The ruling stated that Music Trading Online, which owns CD-Wow, was "in substantial breach" of a 2004 agreement to stop importing CDs from places like Hong Kong and selling them to consumers in the UK at up to a third off high street prices.
The damages award is the largest ever made in favour of the BPI.
"The vibrancy of British music depends on a fair return on the investments that allow British talent to shine," said BPI chief executive Geoff Taylor. " This decision is an important step in ensuring that British music has a bright future."
However, CD-Wow denies deliberately breaking the court undertaking, and puts any breach down to human error.
The company maintained that the British courts had set a "dangerous precedent " and that the ruling "spelled disaster for millions of music fans who object to being ripped off by unnecessarily expensive albums".
The BPI has already obtained an order against CD-Wow, freezing all of its assets and bank accounts in order to recover the money it is now owed.

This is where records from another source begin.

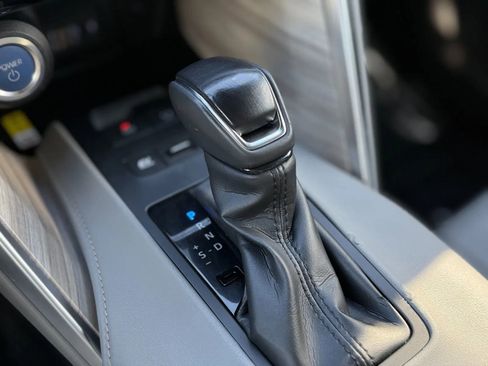 Used 2022 Toyota Venza Limited image 39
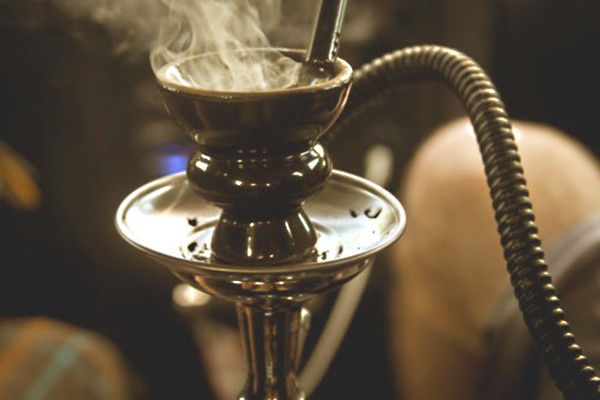Báo động "phong trào" hút shisha 1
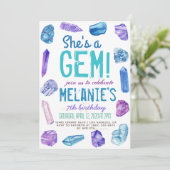 Sie ist ein Gem Geology Rock Geburtstag Einladung (Stehend Vorderseite)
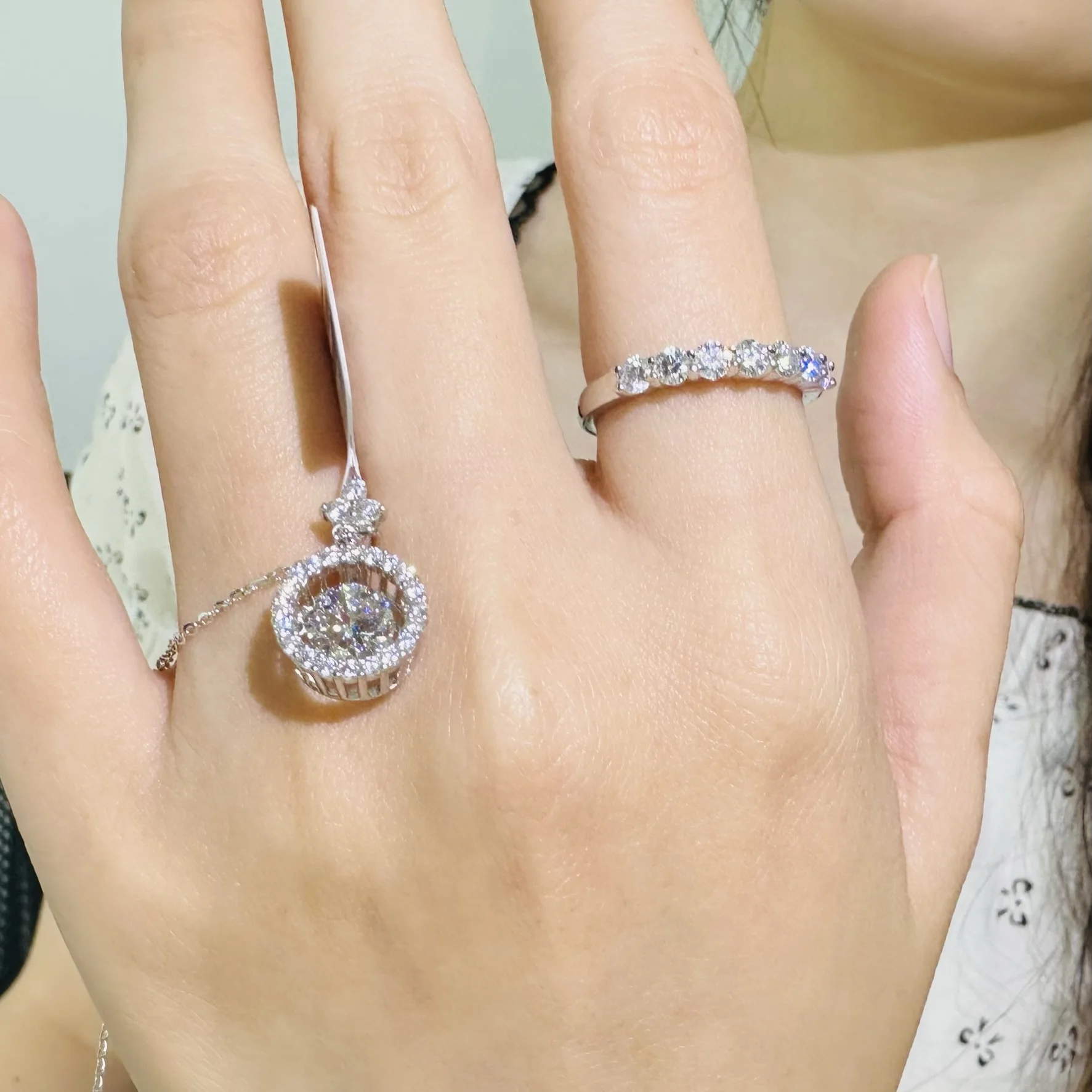 High Quality Custom 0.8-2.9mm Carat Price Perfect Round D color VVS Loose Melee Moissanite Diamond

"CD-Wow has consistently broken the law. Clearly the courts have lost patience with this rogue retailer," said BPI lawyer Roz Groome.
"Any company seeking to engage in this type of illegal trade will face the toughest sanctions."
Henrik Wesslen, chief executive of CD-Wow, said: "I fear what is happening is an attempt to use the combined brute force of the record industry to force the retailers and, in turn, our clients, to keep lining the pockets of the fat cat executives.
"It should not matter whether we are buying from an official distributor in the UK, Europe or the Far East. What is important is that we are buying legitimate products from the record companies themselves."